Any advice as it's got the folks pulling their hair out.
Getting a dog to come to you when you call it, every time, (not just 19 times out of 20) but EVERY SINGLE TIME, is one of the most important, and yet one of the easiest things to teach. It's also the thing that most people make a hash of.
Once you have made a hash of it, it ceases to be one of the easiest things to teach, and becomes one of the most difficult.
Let me try to explain why this particular command causes so much trouble.
Virtually any other command you give is enforceable. Tell her to sit. If she ignores you, you can push her bottom to the ground. Tell her to stay out of the front room. If she ignores you, you can throw her out.
You can't
force her to come back to you when she's running free, you can only
ask her.
The solution is simple, but you have to be 100% consistant.
NEVER CALL HER UNLESS YOU KNOW FOR CERTAIN THAT SHE WILL COME.
It's pointless to call her when she's chasing rabbits and you know she won't come. Think about it. All you are teaching her is to disobey you. You are demonstrating to her that she can get away with it. After a very short time indeed, she won't even hear you. She really won't. It's called "Deffing out" She's having a whale of a time folowing the instincts that have been bred into her for thousands of years, why on earth should she stop?
You have taught her that she doesn't have to come.

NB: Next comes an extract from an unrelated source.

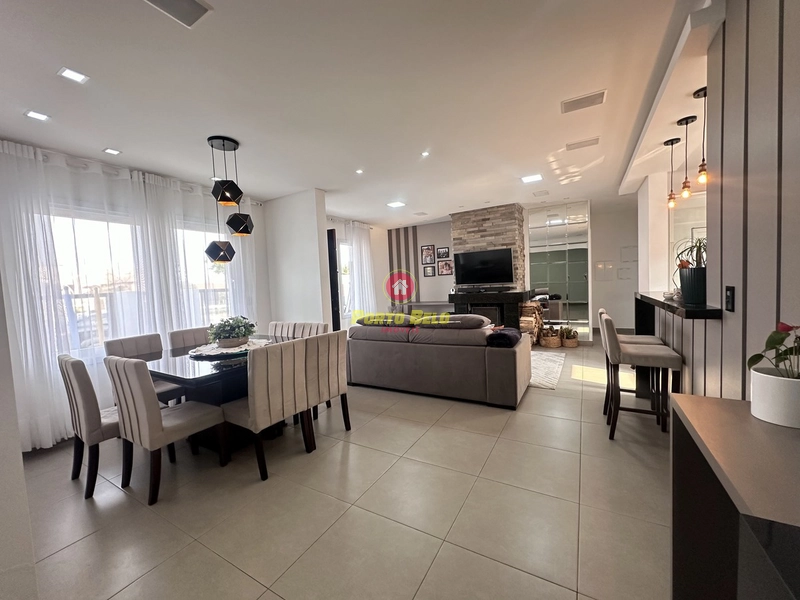 CASA DE ALTO PADRÃO À VENDA EM NOIVA DO MAR!! Com piscina e jacuzzi!!!: 8ª foto da galeria de imagens do imóvel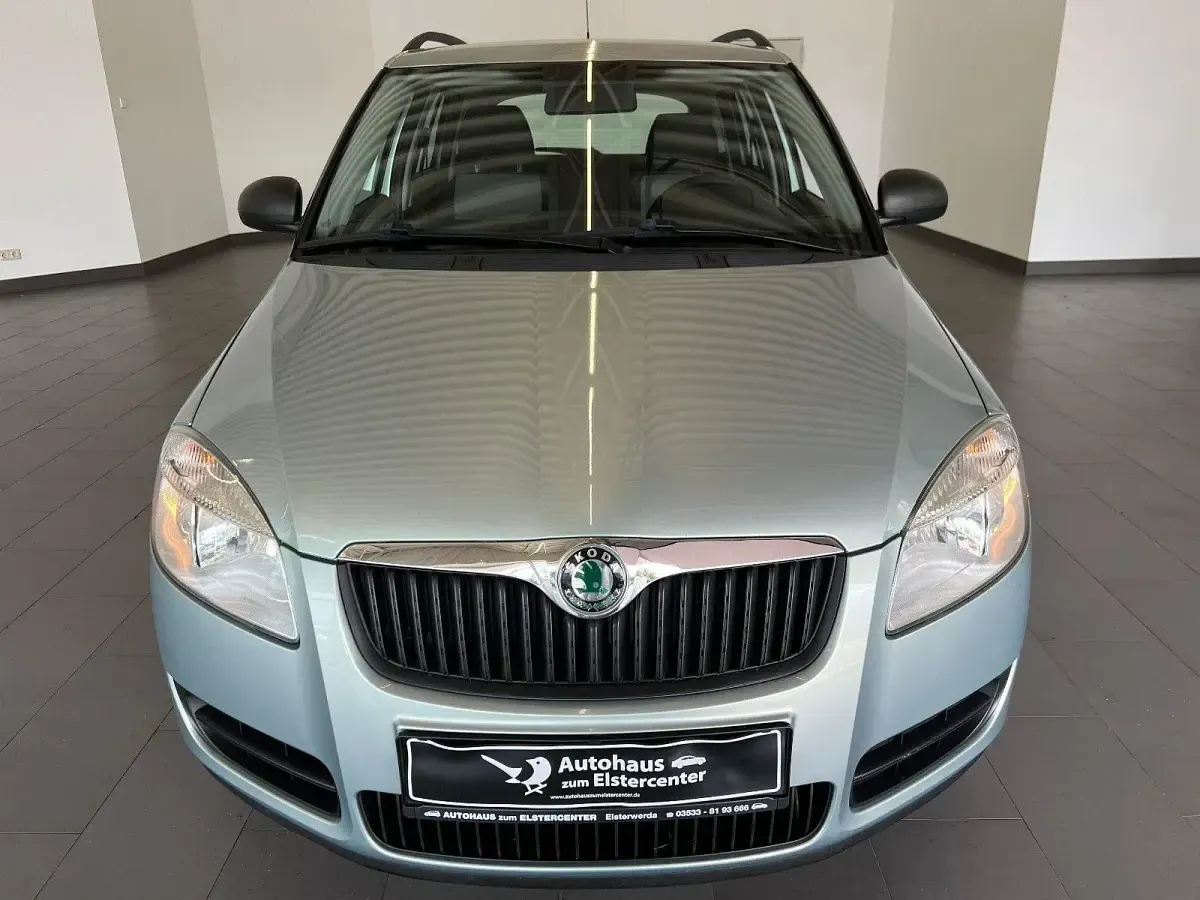 Gebraucht Skoda Fabia Cool Edition 69 PS (50 kW) 2009 Kleinwagen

Every time you call her and he doesn't come, you are re enforcing that lesson.
Even if you give her a jolly good hiding when you do get hold of her, in her mind she's being punished not for running away, but for COMING BACK!
NEVER CALL HER UNLESS YOU KNOW FOR CERTAIN THAT SHE WILL COME!
OK, lets look at the other side of the coin. Instead of calling her when she doesn't want to come, call her when she does.
If you have any dog sense at all, you will know the times when she will come to you. Dinner time, play time, just come home from the shop time, whatever. it doesn't matter, as long as you know she will come.
Let her see you preparing her dinner, but have someone hold her until you call her name. Then have someone hold her while you hide around a corner and make her dinner, but make sure she can hear or smell you doing it. Call her name and let them release her, she will be there like a shot.
Basically what you're looking for here is a conditioned response. She hears her name called, she comes. She doesn't think. She doesn't need to. IT'S ALWAYS SOMETHING GOOD!
Once you have that 100% "Comes first time every time" response, it will be there for ever. Your dog will come when called, even if it knows that you want it for something unpleasant. BUT YOU HAVE TO GET THERE FIRST.
One last point regarding your particular situation. If you do let her run free to chase rabbits, resign yourself to the fact that you will probably never be able to call her back while she is doing that. The hunting instinct is too strong, and the spark in her has already become a flame.
The only solution to that would be to put her off chasing rabbits for ever. I've done that a couple of times, but that's another story.